The second Death Star is destroyed. The Emperor and his powerful enforcer, Darth Vader, are rumoured to be dead. The Galactic Empire is in chaos….Optimism and fear reign side by side.

And while the Rebel Alliance engages the fractured forces of the Empire, a lone rebel scout uncovers a secret imperial meeting…


This is how Star Wars: Aftermath by Chuck Wendig begins. If you need more background information than that, then you may not have been living in this hemisphere during the last number of decades, and maybe this 2015 novel isn’t for you. Wendig – about whom more later, but let’s just say now that he is phenomenally productive, and a review like this is at least three novels behind  – adds full-length sequels in each of the next two years. The seemingly unbreakable Star Wars Rule of Threes continues its reign. Together, the trilogy forms part of a “new canon” of official SW material beyond the films themselves. Aftermath and its children form a bridge between the events of films over 30 years apart: 1983’s Return of the Jedi, and the grizzled-Han and dowager-Leia reunion in The Force Awakens (2015). (Yes, I know, other things happened, too. Luke, for example. And ‘droids. And light-saber battles.) I’m not an SW junkie, and don’t go near fan-sites or extended universes or fundamentalist skirmishes over what is and should be in the Star Wars canon. But like this novel, I do.

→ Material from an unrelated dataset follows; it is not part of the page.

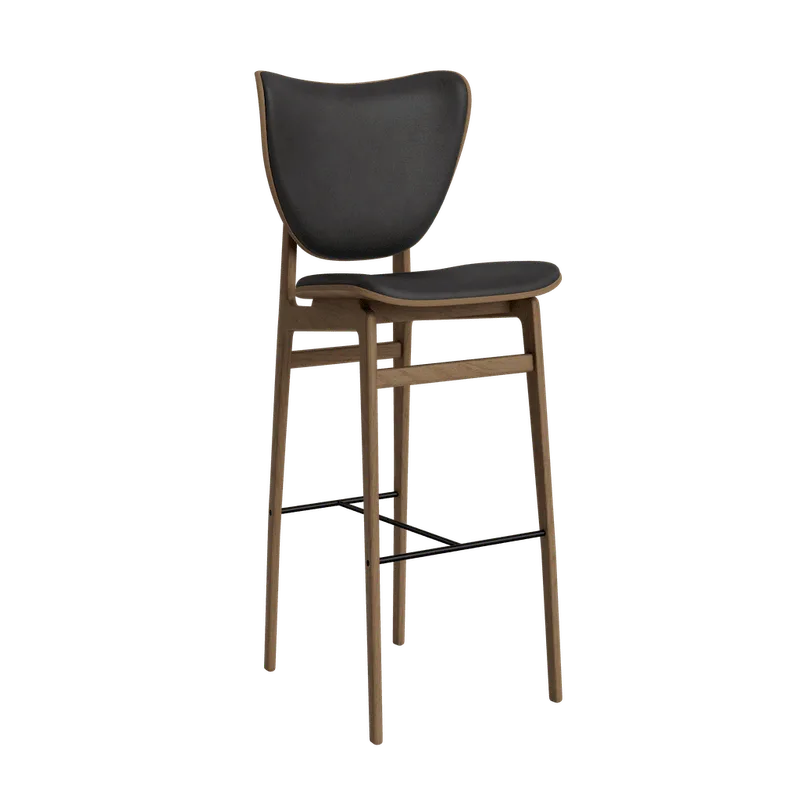 Elephant Counter & Bar by NORR11 in Light Smoked Oak, 75 cm, Front – Dunes Anthracite 21003 – product photo 2 of 2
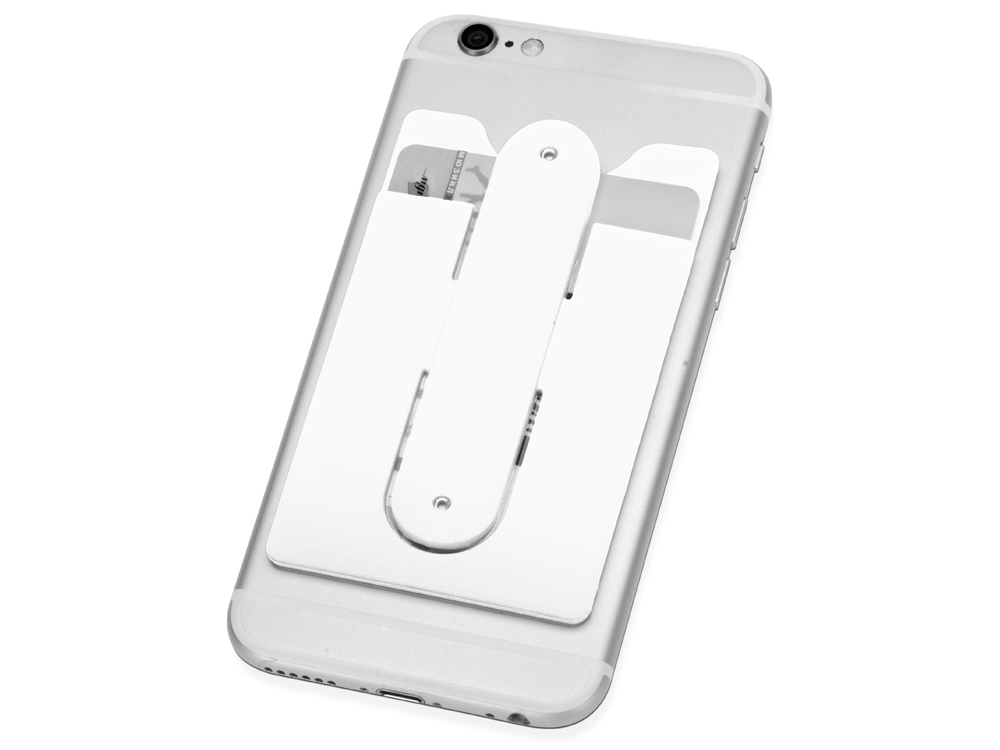 Футляр для кредитных карт Покет, белый-1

It is fast, inventive, breathless and constantly in the present tense, a Wendig trademark. Unknown characters appear in rapid succession, but with references to more or less familiar faces and names from the movies (Admiral Akbar, who does not age at all; C3P0, with upgrades). We know where we are, even when jetting into new worlds. On Coruscant, in one of Wendig’s several “Interludes” — short set-pieces that add context and flavour, and offer a place for him to stow away extra ideas — emboldened former Imperial citizens pull down a statue of Palpatine; see Hussein, Saddam, formerly of Iraq. Imperial Admiral Rae (she’s a woman!) Sloane has a toady and untrustworthy adjutant typecast to remind us of the unfortunate official Force-choked by Vader in the original Star Wars film. Although Wendig takes bitter criticism (surprise!) from many of the Star Wars faithful, Aftermath is an agreeable confection that blends the familiar with the rather wonderfully invented bridgework, with only the occasional bump.

The Empire is going, not gone. Akiva, as tropical a planet as Luke Skywalker’s Tattooine was dry, is now again crime-ridden, with ex-Imperials and ganglords competing for the spoils.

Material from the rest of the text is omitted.